Even on his lesser releases, Robert Pollard remains utterly mesmerising

Released Dec 9th, 2013 via Fire / By Simon Harper
Robert Pollard - Blazing Gentlemen (Fire Records) Guided By Voices frontman and lynchpin Robert Pollard is notoriously restless. His prolific output would shame practically any other artist, and while even the most recent releases from his much-loved band have strayed from being essential listening, you can usually rely on a new Bob Pollard-penned record containing enough nuggets of ideas to provide some worth.

Before GBV reunited with Let’s Go Eat the Factory, released right at the start of 2012, Pollard somehow managed to juggle his solo records with albums by notable projects including Circus Devils and Boston Spaceships. He has such a singular and recognisable songwriting voice that it’s sometimes hard to remember which artist name it is on the sleeve, and there are snatches of Blazing Gentlemen which could easily have appeared in any of these guises.

And that’s part of the beauty of his songwriting, even when - as with stretches of this latest release - it doesn’t stand up to past glories, because he knows and plays to his strengths, however consistently inconsistent he might be. The sweetly melodic ‘This Place Has Everything’ barely lasts for a single minute, yet it captures the essence of everything that makes Pollard such an intriguing and often frustrating figure, with glimpses of magic surrounded by the truly workmanlike.

At its best, though, this outing finds Pollard sounding reinvigorated. The title track especially is a typically strident slice of anthemic rock; it’s a punch-the-air moment cloaked in a cocksure riff and strutting delivery - a hugely entertaining distillation of the kind of 1960s and 1970s British rock staples that have proved so influential on his songwriting. Few of the songs here match such heights, but there’s a lot to be said for good will, and on the basis of past triumphs Pollard deserves to be indulged more than many.

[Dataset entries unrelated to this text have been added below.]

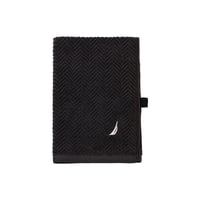 Toalla De Cara Vis Nautica 100% Algodón 30X50Cm Pieles Sensibles Negro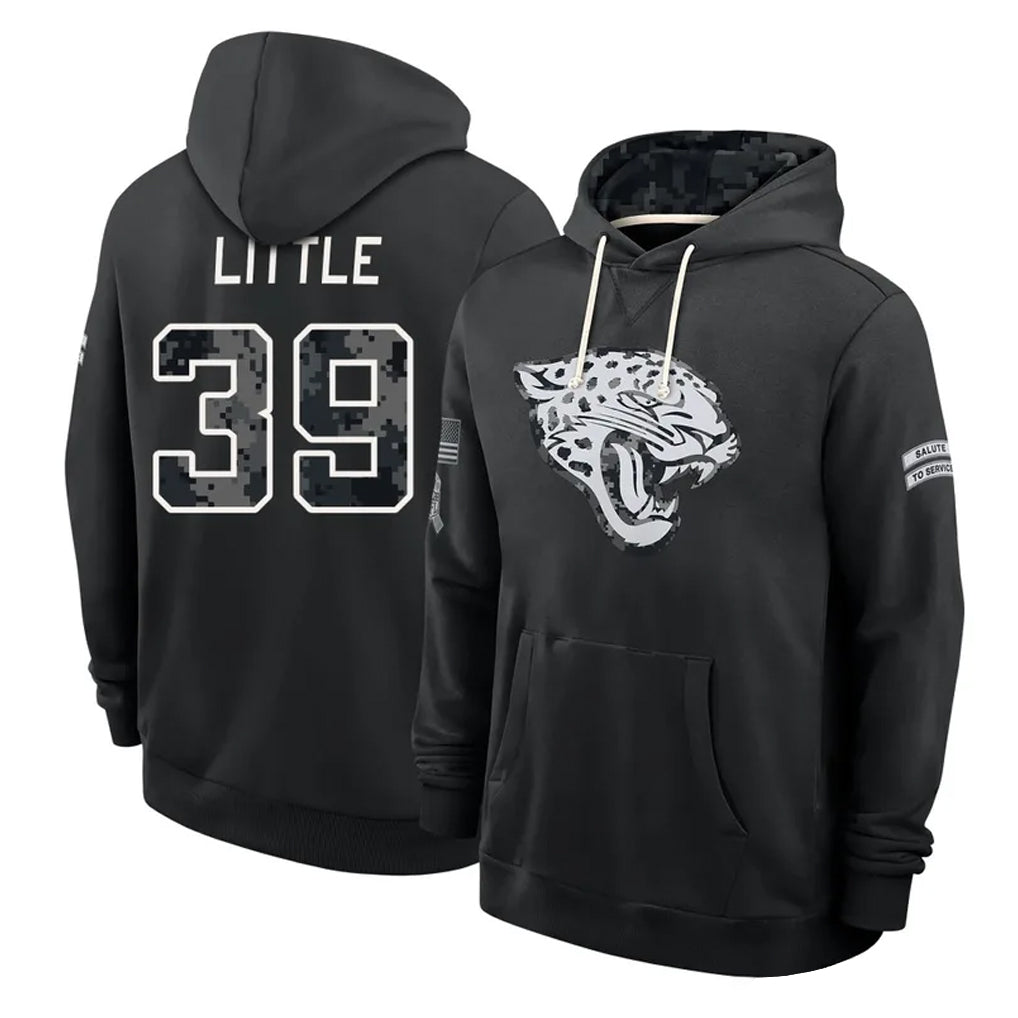 J.Jaguars #39 Cam Little Player 2026 Black Logo Pullover Hoodies Limited Game Ndoa Stitched Jerseys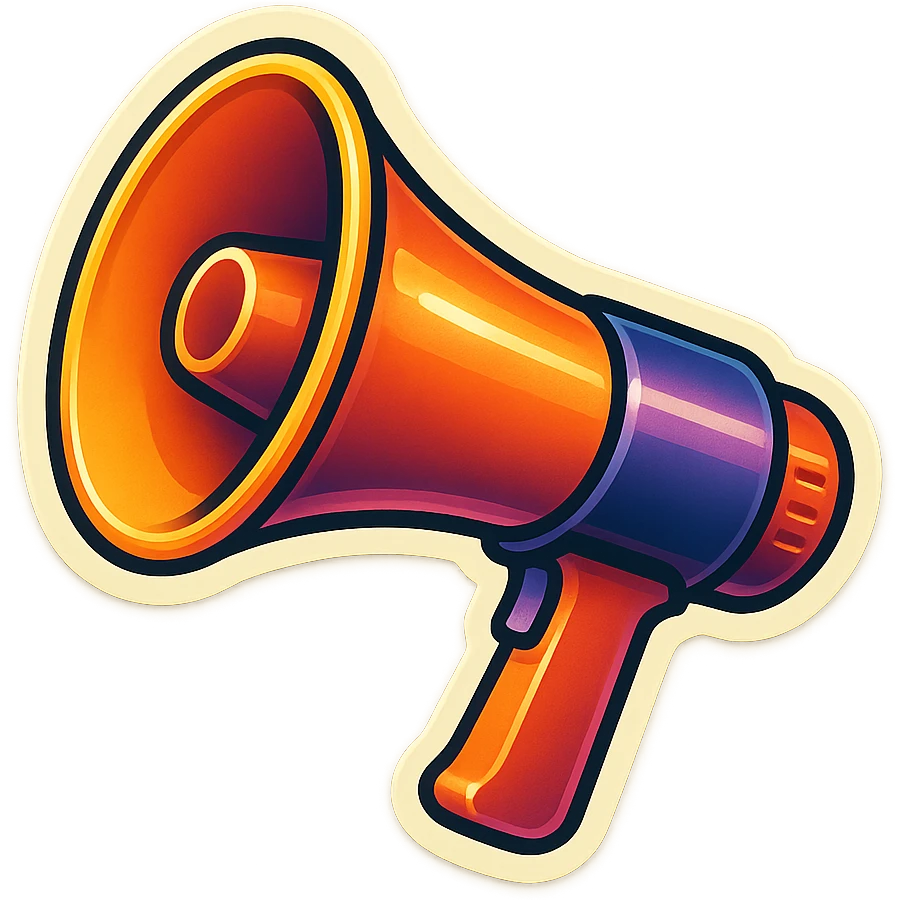 megaphone emoji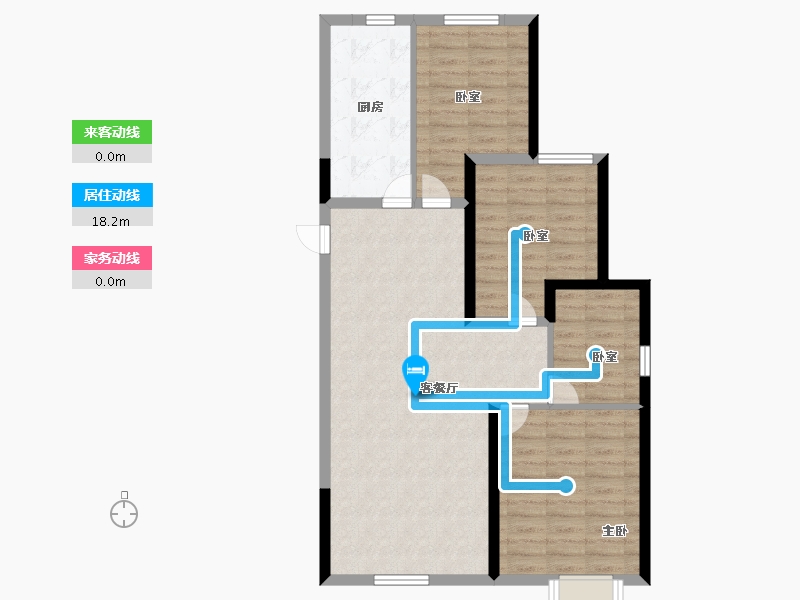 新疆维吾尔自治区-乌鲁木齐市-冶建悦珑湾-88.00-户型库-动静线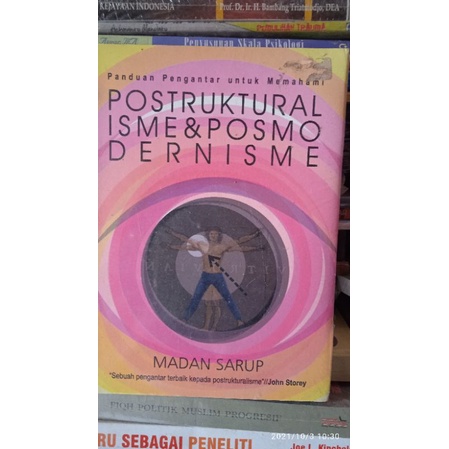 buku postrukturalisme dan posmodernisme - madan sarup - jalasutra- asli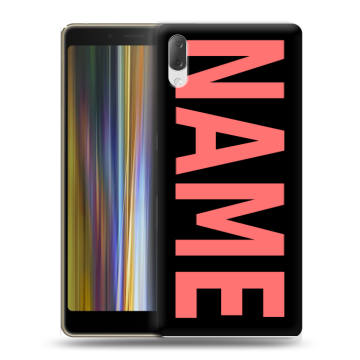 Пластиковый чехол на Sony Xperia L3 с принтом NAME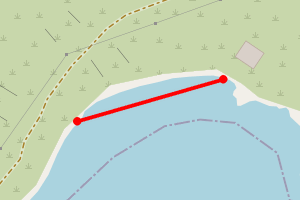 Map showing Kerrera Marina
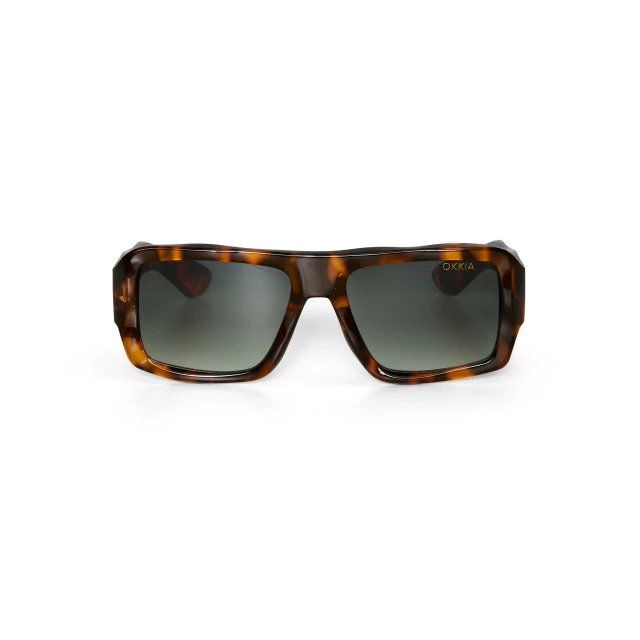 OKKIA KANSAS Classic havana (green lenses)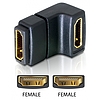 Delock Adapter HDMI female > HDMI female 90 down (65075)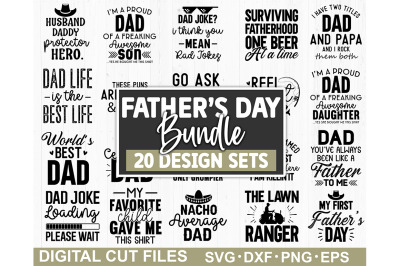 Fathers Day SVG Bundle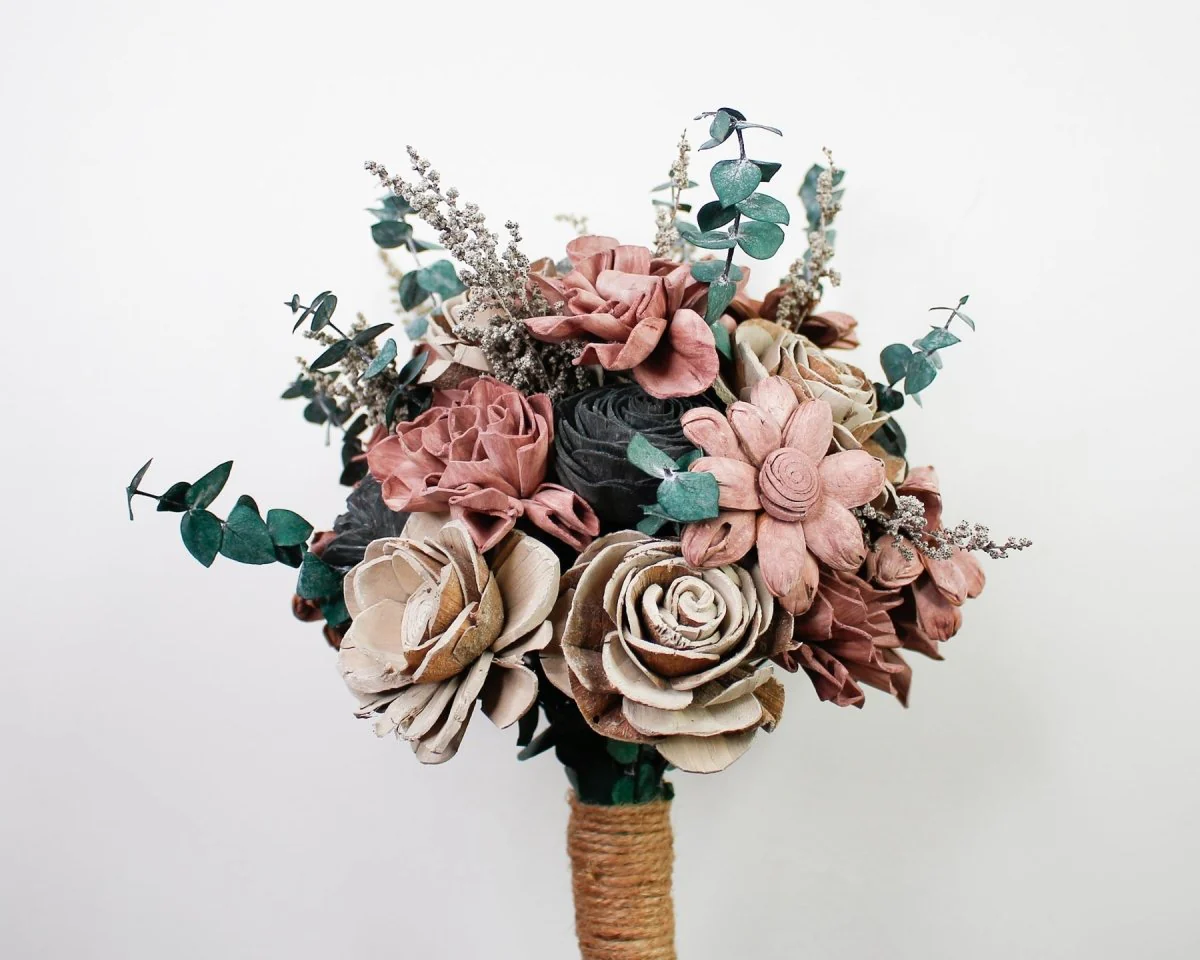 Gun Metal Sally Finished Bouquet - Image 8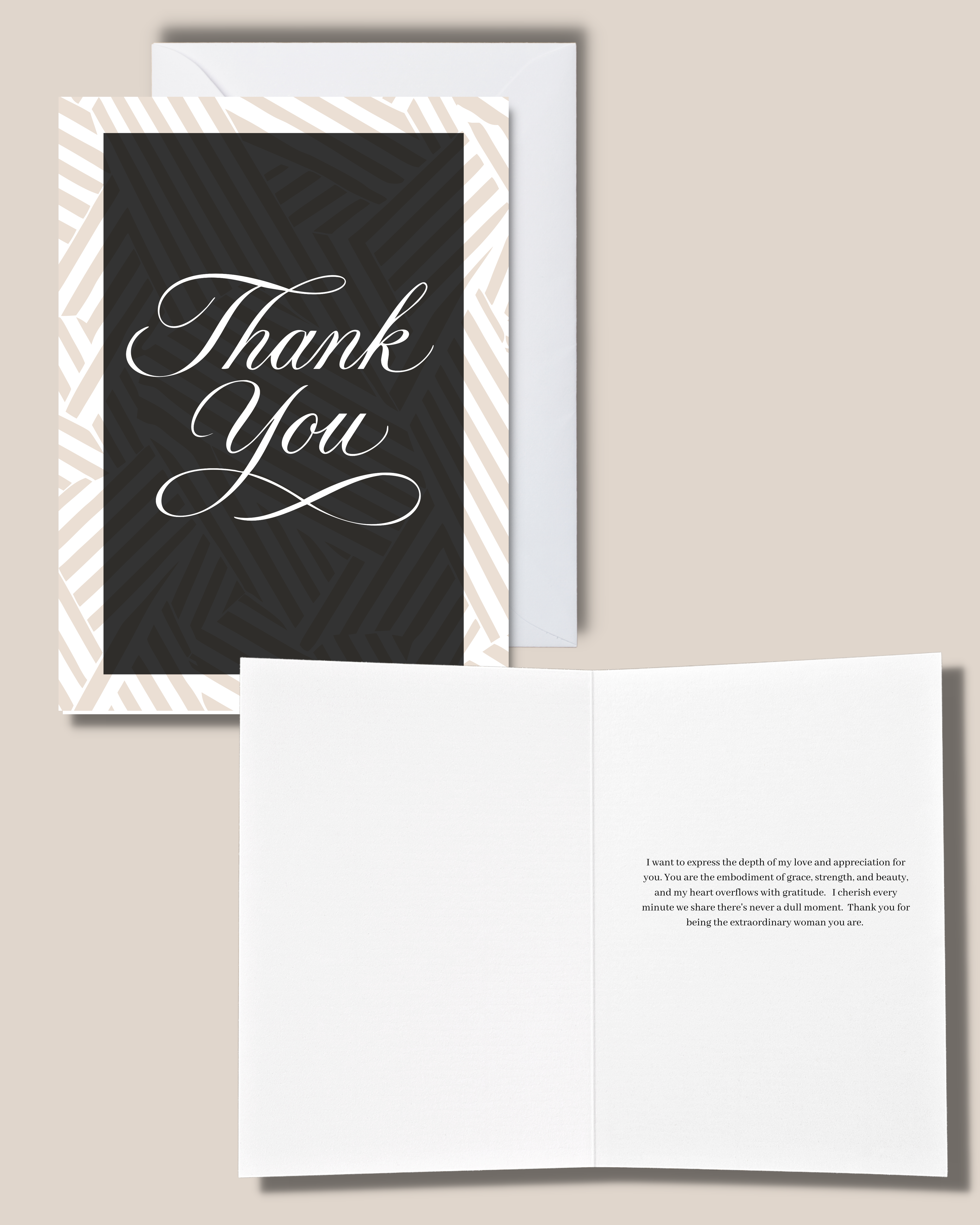 Elegant Thank You Greeting Card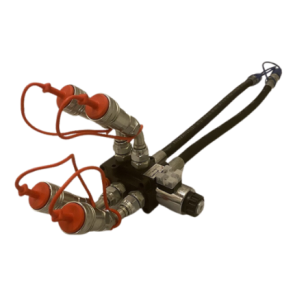 6/2 Elektrisk bryterventil 24V - med hurtigkoblinger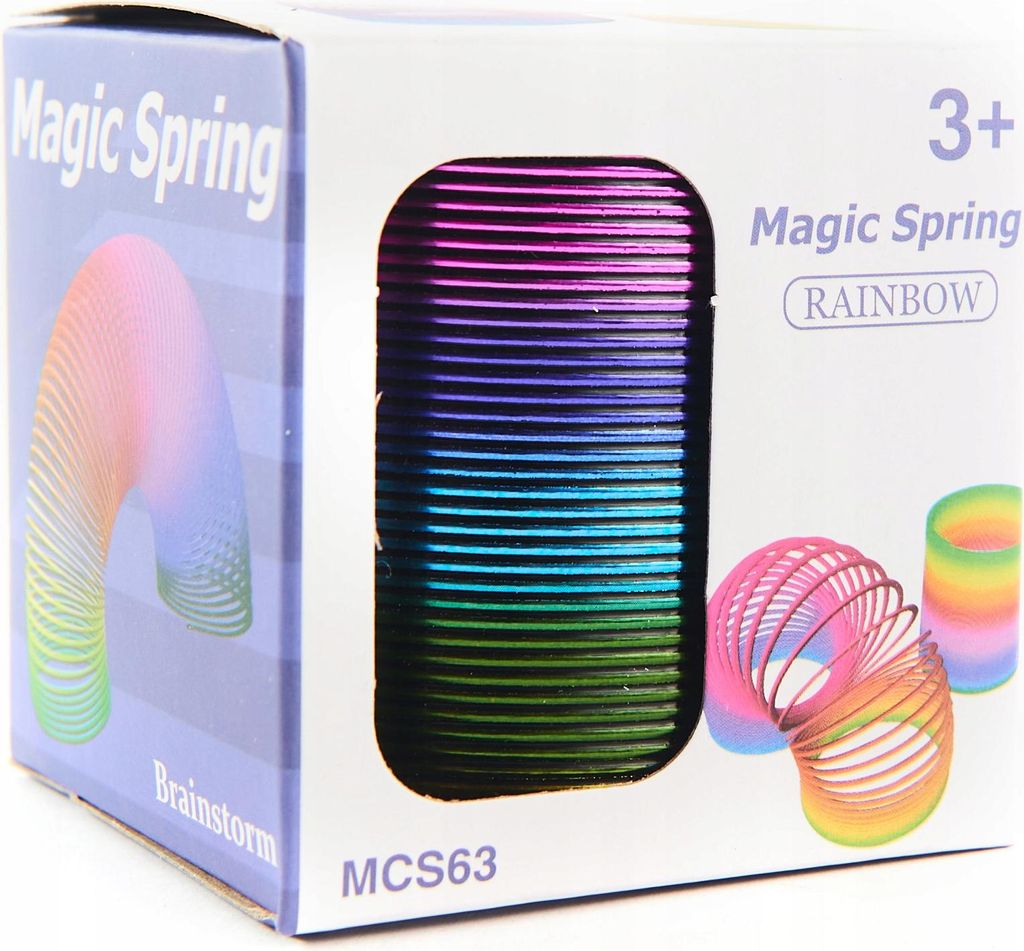 Bunte Magische Spirale 6cm - Kleiner Treppenläufer & Antistress Spielzeug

Like most of Pollard’s output of recent years, this collection of songs is a curate’s egg - the listener’s never too far away from a glimpse of his extraordinary nous for a riff or a hook, even if it means sitting through plenty more solid yet unspectacular offerings to get to the real gems. Blazing Gentlemen is overall too uneven to be a good starting point for complete newcomers to the Pollard canon, and doesn’t reach for the same kind of greatness which has permeated his most satisfying records. But it ought to please devotees, and is nevertheless a timely reminder of why he remains such a fascinating - and revered - songwriter, flaws and all.